В то же время в «Таинственном докторе» Александр утверждает приоритет воли. Что касается его собственной воли, то самое меньшее, что по этому поводу можно сказать, ее хватало, чтобы продолжать интенсивно работать даже тогда, когда силы и способности его пошли на убыль. Доктор Пиорри порекомендовал ему морской воздух, и лето 1869 он проводит в Роскове со своей кухаркой Мари и, конечно, с секретарем Виктором Леклером или же Адольфом Гужоном, который оставался в Неаполе, чтобы продолжить издание «Indipendente», и который будет при Александре до самой последней минуты[182]. Где те времена, когда матушка Озере устраивала в Трувиле раблезианские пиры?! Здесь же совершенно нечем потешить желудок, тем более при отсутствии денег. Мари жалуется на черствый хлеб, плохое мясо, слишком сухую фасоль и в конце концов берет расчет. К счастью, «добрые души Роскова объединились в стремлении нас накормить», — пишет Александр дочери Мари. Один несет омара, другой пару макрелей, третий предлагает окуня и барабульку, «так что мы, убоявшись умереть с голода, оказались в состоянии открыть продуктовую лавку». Кроме того, почитатели Александра по очереди приглашают его обедать. «В этом старании угодить мне было нечто такое, что трогало до слез». Но только есть совсем не хотелось. Для аппетита «бедный любитель воды» просит дочь прислать ему водки и абсента. У него больше нет желания разговаривать, осталось лишь желание писать, и он затевает книгу, о которой давно мечтал — «Большой кулинарный словарь». Закончить работу он не успеет, ее доделает… Анатоль Франс.
По возвращении в Париж бедность и физическая немощь усугубляются. Василий закладывает в ломбарде последние ценности.
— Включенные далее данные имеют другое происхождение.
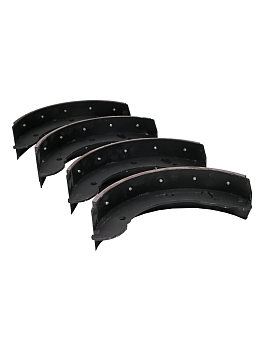 Колодка тормозная Г-ль зад. (б/асб.) клепанная ( инд. упак.) (комп. 4шт)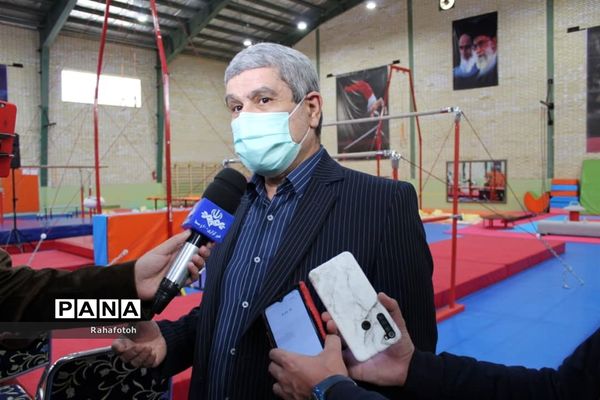  افتتاح سالن تخصصی ژیمناستیک بانو مصدقیان در  اصفهان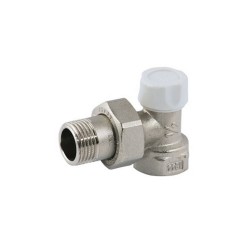 Секретен вентил за радиатор, ъглов - 1/2“ М/Ж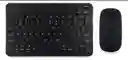 Combo Mini Teclado Y Mouse Bluetooth Inalambrico Recargable Para Tablet Celular Pc Color: Negro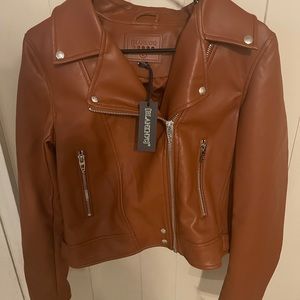 NWT Fall Good Vibes Faux Leather Moto Jacket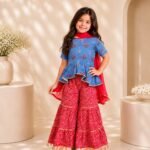 Ruby Contrast Peplum Set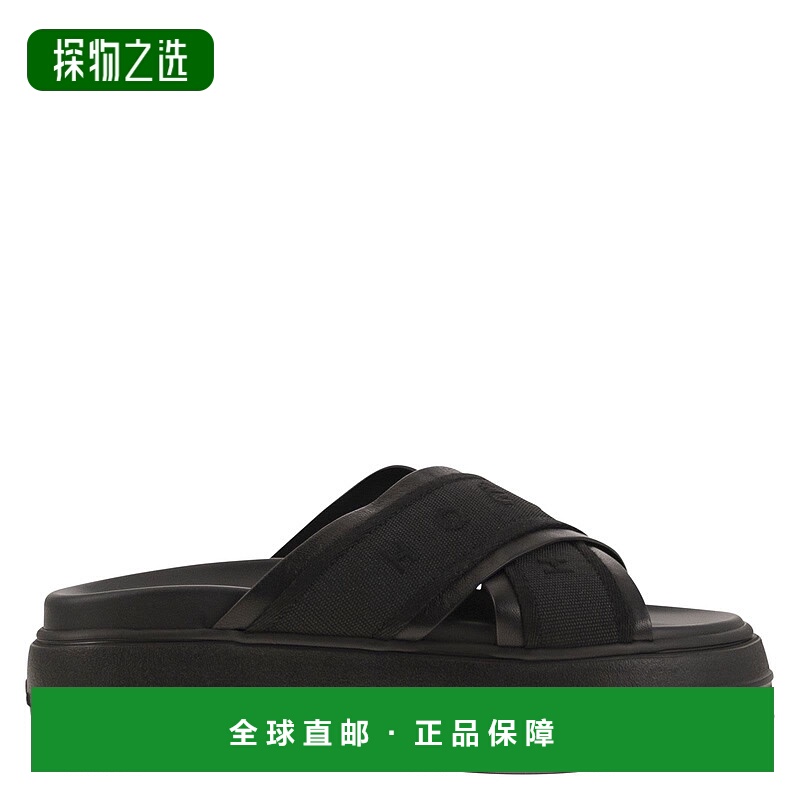 1h可退 香港直邮Hogan 女士 厚底拖鞋 HXW6800FO10LE9 black黑色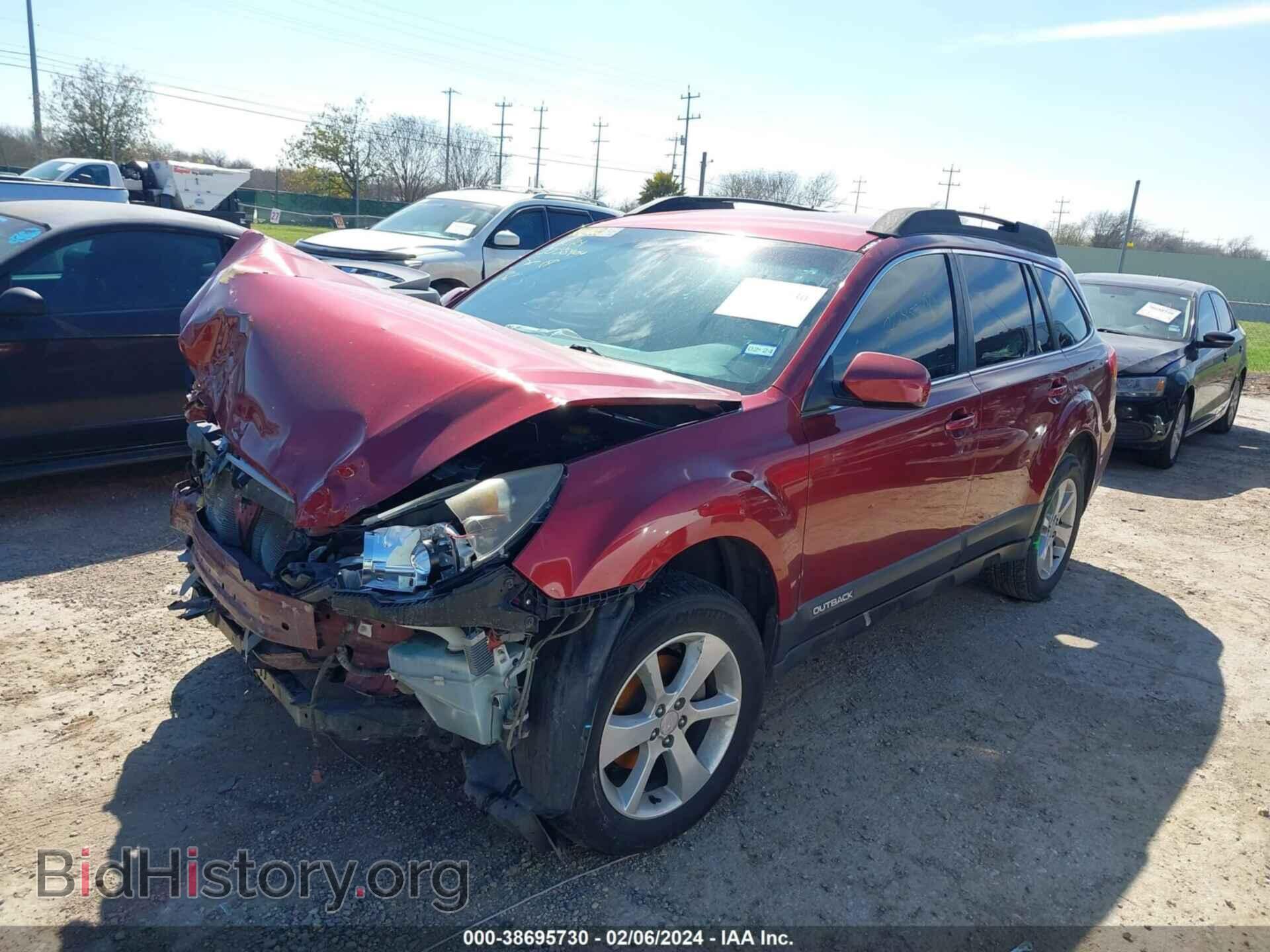 2014 SUBARU OUTBACK - VIN: 4S4BRBCC6E3327858 - Фото 2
Зимой 1869/1870 Александр уже почти не выходит. Отекшее его лицо становится смертельно бледным. Он худеет, хотя живот остается раздутым. Непроходящий нарыв во рту мешает ему говорить. «Мозг делается отяжелевшим, ленивым, — отмечает Ферри. — И мысли являются туда туманные и тяжеловесные». И когда он лишается последних иллюзий относительно своего состояния, Александра поражает глубокая депрессия. Он плачет, и Ферри слышно, как «из уст его вылетают слезные жалобы». Отчаяние, мрак охватывают его, он предвидит бурный конец века и в который раз не ошибется. Сомнения в собственной значимости охватывают его, он перечитывает свои книги. Однажды сын застает его погруженным в чтение «Трех мушкетеров».
«— Ну как? — спросил я его.
— Это хорошо.
— А «Монте-Кристо»?
— «Мушкетеров» он не стоит».
В другой раз, рассказывает Ферри, Александр признался, что чувствует себя «на вершине надгробия, сотрясающегося так, как будто фундамент его уходит в песок». Сын успокаивает его. Сам он, богатейший человек, благодаря своему умению экономить и откладывать деньги, апологет буржуазной морали, столь долго находившийся на содержании Александра, оказал ему минимальную финансовую помощь лишь после того, как Василий, исчерпав все иные средства, явился тайком просить у него милостыню. Александр принимает только близких своих друзей. Весной он проявляет последние признаки жизни. «Таинственным доктором» прощается с литературой. «Большим кулинарным словарем» завещает своим дорогим читателям одну из самых больших радостей своей жизни. Ему остается лишь радоваться солнцу и воздать должное всему тому, что питало его ненасытную потребность в творчестве и позволило без ведома самих этих стимуляторов стать величайшим рассказчиком всех времен.